Any human body parts will be labeled with rather intimidating verbiage and one or two of those neat biohazard symbols. They will not be called “dude eggs” and they will not be sold to anyone doing a reality TV show.
They could have bought prairie oysters, which are bull’s testicles. Those are common enough that my mom’s hometown (Clinton, Montana) has an annual Testicle Festival where the local delicacy is sold and, reputedly, eaten. I’ve never had the pleasure, but bull’s testicles are something your average nobody could buy over-the-counter.
In a movie or tv show, they’re no doubt props. Not real.
In real life, you could always have human-cadaver-testicles-in-a-jar for lunch, but the formaldehyde smell might give them away.

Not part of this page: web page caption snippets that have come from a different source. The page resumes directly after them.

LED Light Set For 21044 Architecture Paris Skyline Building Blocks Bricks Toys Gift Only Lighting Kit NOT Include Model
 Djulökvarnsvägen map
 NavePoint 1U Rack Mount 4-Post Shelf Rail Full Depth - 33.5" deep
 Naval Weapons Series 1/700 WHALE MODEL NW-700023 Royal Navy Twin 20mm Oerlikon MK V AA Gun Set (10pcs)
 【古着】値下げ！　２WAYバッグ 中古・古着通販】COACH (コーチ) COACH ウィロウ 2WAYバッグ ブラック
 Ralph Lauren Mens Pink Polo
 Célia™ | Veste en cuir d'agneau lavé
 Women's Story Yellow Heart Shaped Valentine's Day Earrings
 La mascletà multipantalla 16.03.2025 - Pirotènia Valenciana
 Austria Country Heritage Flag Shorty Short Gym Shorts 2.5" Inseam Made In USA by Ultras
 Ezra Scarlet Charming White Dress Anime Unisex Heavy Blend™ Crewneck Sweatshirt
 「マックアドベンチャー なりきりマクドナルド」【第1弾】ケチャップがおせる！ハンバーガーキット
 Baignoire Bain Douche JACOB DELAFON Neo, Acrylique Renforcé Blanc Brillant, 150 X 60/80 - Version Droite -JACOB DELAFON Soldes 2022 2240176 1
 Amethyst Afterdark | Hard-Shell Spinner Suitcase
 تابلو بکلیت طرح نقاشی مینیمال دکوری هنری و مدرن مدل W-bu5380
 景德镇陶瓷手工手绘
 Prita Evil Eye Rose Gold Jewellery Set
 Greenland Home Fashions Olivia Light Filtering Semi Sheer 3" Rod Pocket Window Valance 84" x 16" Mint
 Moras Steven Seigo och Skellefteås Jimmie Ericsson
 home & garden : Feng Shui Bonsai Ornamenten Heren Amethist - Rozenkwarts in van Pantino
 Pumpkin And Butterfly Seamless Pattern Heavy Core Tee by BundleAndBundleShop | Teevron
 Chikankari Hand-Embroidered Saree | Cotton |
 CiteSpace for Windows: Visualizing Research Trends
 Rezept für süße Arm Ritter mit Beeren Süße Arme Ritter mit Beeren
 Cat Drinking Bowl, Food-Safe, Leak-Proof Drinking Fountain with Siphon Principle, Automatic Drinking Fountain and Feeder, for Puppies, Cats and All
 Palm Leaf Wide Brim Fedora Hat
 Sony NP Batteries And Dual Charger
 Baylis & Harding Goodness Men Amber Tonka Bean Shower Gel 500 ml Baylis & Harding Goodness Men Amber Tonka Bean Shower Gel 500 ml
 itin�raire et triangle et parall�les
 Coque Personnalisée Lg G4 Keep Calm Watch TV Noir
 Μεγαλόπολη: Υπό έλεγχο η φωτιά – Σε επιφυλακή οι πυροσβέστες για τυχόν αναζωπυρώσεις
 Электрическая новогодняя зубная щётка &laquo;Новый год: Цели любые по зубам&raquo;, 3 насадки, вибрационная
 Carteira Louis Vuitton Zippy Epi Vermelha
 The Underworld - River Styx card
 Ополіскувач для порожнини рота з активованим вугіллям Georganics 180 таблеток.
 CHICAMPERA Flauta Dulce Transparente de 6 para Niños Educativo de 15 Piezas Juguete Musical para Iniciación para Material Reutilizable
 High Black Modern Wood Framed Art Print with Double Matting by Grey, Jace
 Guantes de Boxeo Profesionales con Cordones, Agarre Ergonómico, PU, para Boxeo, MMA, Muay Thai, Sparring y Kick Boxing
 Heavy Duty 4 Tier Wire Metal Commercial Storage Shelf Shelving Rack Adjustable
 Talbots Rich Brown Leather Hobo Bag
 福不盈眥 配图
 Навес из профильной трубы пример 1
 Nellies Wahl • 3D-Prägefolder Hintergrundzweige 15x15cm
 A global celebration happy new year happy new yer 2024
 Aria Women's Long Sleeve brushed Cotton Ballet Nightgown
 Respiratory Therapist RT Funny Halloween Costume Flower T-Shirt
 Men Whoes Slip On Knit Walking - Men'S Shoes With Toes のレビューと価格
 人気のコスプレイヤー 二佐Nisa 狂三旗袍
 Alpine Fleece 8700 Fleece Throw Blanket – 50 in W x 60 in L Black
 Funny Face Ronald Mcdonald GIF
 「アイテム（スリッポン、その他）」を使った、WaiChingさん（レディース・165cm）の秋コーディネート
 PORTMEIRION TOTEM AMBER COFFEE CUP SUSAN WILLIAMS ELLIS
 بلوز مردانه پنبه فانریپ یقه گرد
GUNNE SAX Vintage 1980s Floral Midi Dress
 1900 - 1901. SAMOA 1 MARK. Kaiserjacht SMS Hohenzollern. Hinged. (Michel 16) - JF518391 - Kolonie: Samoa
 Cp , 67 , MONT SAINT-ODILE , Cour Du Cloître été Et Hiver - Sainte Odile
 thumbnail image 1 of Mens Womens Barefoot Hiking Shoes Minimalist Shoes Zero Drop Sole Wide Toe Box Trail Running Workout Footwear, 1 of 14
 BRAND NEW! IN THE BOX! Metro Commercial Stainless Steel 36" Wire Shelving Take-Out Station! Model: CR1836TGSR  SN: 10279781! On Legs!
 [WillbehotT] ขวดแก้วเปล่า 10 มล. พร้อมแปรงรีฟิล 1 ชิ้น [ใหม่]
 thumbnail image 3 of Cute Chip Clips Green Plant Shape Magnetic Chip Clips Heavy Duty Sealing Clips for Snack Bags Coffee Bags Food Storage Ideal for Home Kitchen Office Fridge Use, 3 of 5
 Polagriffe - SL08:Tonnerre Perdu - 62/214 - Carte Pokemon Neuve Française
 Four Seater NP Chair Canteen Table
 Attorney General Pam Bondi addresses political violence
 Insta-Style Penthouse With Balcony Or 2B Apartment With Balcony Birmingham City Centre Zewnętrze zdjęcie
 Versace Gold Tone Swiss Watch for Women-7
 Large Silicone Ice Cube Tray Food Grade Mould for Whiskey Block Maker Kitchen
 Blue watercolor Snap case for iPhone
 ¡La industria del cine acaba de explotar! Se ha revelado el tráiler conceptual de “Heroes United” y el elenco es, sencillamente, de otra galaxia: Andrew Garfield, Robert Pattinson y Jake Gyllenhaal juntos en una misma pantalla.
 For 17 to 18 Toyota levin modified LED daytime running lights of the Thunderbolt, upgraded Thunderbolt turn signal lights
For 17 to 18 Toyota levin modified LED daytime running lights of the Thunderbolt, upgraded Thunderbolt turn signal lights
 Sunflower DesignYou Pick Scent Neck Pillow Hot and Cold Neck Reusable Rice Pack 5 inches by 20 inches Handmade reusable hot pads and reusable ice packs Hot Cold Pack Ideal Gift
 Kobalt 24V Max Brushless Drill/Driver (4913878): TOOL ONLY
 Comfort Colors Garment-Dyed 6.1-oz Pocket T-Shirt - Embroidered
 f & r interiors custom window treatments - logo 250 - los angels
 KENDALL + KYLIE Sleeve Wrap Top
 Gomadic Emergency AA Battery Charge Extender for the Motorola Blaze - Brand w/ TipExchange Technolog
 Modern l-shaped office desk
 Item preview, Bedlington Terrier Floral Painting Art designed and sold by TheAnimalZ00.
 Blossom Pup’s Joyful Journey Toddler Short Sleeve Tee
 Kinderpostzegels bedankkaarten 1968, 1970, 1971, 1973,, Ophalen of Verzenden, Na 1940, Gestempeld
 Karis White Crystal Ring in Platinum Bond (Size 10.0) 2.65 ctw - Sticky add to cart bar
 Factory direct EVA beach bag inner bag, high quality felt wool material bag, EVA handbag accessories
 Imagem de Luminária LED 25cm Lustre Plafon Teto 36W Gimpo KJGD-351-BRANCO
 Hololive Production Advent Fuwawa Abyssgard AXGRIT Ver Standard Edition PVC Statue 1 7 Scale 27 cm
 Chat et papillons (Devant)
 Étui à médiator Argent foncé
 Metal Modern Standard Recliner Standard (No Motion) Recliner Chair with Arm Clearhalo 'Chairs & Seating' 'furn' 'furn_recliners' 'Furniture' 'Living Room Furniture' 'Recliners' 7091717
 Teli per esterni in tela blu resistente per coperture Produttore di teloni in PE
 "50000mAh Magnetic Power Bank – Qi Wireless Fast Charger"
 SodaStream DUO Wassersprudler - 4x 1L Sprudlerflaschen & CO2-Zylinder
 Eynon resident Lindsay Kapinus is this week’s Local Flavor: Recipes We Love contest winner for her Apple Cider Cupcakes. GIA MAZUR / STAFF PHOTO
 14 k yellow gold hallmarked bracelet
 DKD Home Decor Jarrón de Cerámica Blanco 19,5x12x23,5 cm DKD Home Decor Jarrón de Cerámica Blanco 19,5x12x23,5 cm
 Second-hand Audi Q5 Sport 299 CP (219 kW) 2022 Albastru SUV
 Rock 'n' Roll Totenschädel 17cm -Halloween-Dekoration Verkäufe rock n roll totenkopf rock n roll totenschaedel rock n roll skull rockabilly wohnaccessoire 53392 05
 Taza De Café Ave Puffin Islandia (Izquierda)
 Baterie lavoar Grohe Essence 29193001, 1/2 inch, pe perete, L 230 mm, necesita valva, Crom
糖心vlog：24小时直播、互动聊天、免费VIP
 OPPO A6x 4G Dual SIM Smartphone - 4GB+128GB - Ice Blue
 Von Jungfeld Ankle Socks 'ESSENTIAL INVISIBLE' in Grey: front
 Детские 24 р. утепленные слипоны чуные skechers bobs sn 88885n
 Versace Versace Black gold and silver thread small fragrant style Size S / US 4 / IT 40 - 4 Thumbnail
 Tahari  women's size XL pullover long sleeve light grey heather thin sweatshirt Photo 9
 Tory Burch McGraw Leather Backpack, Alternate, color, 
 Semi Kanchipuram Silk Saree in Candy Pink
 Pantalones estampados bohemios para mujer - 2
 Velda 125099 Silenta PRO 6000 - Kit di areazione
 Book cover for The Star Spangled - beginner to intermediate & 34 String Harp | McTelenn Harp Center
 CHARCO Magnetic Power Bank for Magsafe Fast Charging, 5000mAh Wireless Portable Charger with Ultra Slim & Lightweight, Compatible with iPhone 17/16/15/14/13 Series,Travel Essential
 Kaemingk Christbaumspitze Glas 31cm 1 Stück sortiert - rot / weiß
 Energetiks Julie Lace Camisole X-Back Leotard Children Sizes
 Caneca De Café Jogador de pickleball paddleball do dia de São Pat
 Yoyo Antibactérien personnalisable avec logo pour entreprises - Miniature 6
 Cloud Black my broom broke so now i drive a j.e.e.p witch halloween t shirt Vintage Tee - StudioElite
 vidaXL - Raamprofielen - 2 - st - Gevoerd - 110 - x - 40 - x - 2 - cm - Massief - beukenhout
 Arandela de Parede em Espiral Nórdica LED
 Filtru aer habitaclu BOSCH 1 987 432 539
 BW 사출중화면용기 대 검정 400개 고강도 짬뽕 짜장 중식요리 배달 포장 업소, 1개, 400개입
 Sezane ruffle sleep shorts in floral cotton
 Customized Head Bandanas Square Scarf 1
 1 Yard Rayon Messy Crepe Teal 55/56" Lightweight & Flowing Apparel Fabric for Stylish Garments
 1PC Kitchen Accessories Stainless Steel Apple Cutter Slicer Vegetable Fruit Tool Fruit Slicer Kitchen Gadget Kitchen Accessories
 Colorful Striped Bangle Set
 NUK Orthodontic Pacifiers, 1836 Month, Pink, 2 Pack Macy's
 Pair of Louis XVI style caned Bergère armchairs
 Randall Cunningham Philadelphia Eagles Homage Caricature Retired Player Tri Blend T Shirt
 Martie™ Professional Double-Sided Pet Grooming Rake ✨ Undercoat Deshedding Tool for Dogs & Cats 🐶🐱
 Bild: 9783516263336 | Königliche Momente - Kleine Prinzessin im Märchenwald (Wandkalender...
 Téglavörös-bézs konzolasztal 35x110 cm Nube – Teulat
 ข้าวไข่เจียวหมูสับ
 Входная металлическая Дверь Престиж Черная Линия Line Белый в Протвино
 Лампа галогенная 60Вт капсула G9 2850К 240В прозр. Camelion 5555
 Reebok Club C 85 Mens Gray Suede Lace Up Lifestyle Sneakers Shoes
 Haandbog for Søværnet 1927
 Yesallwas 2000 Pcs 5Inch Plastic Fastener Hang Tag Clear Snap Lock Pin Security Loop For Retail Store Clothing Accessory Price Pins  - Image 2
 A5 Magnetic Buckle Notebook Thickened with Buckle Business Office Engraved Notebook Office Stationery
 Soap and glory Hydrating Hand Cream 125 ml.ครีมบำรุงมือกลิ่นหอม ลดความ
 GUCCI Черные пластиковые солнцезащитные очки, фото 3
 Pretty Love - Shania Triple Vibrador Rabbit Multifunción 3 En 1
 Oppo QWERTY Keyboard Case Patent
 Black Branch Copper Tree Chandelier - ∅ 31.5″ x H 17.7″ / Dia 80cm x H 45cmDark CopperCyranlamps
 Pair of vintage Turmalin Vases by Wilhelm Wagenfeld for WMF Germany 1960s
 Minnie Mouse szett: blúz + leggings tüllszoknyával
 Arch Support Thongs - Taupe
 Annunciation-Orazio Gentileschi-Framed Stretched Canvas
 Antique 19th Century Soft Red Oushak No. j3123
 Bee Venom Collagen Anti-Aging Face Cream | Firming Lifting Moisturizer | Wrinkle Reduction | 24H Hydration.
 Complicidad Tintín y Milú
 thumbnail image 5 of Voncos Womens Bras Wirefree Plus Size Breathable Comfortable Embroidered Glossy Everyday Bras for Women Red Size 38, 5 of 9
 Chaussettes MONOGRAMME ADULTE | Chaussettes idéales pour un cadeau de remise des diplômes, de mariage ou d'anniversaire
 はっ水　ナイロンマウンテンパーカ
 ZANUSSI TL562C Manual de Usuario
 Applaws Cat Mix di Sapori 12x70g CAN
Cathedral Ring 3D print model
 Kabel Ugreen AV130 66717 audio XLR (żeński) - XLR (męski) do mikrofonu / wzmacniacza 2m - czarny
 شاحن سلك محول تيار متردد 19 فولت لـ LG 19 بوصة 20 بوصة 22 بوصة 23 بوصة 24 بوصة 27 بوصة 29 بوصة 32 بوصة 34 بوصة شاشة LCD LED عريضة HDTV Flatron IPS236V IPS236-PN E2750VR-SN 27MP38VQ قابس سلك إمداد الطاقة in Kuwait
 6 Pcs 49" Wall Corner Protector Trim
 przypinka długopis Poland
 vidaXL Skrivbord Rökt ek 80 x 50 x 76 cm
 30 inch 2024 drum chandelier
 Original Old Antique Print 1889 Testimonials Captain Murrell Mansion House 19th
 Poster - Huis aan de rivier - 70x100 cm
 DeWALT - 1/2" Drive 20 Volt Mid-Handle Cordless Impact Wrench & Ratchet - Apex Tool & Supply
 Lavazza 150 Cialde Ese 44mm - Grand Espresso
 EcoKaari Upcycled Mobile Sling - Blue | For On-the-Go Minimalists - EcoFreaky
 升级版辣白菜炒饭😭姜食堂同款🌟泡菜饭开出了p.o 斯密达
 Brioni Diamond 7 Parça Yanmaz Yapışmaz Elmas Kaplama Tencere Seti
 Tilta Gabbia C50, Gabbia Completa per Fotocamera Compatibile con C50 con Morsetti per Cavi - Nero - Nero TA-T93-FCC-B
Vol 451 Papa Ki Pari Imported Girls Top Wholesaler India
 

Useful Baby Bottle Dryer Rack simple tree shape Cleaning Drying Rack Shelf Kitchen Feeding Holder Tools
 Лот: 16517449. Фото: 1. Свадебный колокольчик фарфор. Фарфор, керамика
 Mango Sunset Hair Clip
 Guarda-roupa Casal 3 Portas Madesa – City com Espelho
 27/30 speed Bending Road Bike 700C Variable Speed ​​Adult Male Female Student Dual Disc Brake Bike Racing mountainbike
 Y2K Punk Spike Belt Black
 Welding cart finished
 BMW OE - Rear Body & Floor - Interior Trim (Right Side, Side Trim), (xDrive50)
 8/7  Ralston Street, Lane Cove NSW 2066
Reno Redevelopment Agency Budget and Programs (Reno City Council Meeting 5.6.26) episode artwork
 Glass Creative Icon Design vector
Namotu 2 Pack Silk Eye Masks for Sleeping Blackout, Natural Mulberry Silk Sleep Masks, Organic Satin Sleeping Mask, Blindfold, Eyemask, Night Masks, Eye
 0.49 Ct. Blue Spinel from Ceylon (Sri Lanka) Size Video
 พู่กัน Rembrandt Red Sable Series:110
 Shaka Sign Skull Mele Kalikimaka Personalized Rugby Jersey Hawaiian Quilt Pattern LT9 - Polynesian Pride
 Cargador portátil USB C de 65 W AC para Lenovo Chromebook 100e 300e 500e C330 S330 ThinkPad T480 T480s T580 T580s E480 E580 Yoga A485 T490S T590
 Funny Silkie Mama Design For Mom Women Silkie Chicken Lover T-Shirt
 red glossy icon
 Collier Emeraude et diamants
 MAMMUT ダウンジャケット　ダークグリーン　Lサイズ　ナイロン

If they were harvested from live donors (crosses legs and yells “ouch!”) then they could be pickled in a vinegar brine I guess. Probably a bit more tasty. (Did I just say that?)
You were watching a freakin’ movie, for Cecil’s sake!! Shake it off.
I paused when Bam held the jar up to the camera, and the top two ingredients were eggs and vinegar. So apparently they are just some kind of spicy pickled eggs. They still look smaller than your average chicken egg, but they could be just small chicken eggs. They were too big to be quail eggs or the like.
While it is nice to get information from the horse’s mouth so-to-speak; a quick google comes up with the same information from multiple sites (including this one). Of course, this may not have been the case 14 years ago.
Actually, most bulls are made into steers before they are 100 days old – pre-puberty. At that time, their testicles are much smaller.
The ‘bulls balls’ that you see in photos are from quality breeding stock animals, several years older and much more developed.
‘Prairie oysters’ available for eating are usually from the gelding of young male calves (technically, not even a bull yet) and as such are much smaller than the testicles of a mature bull.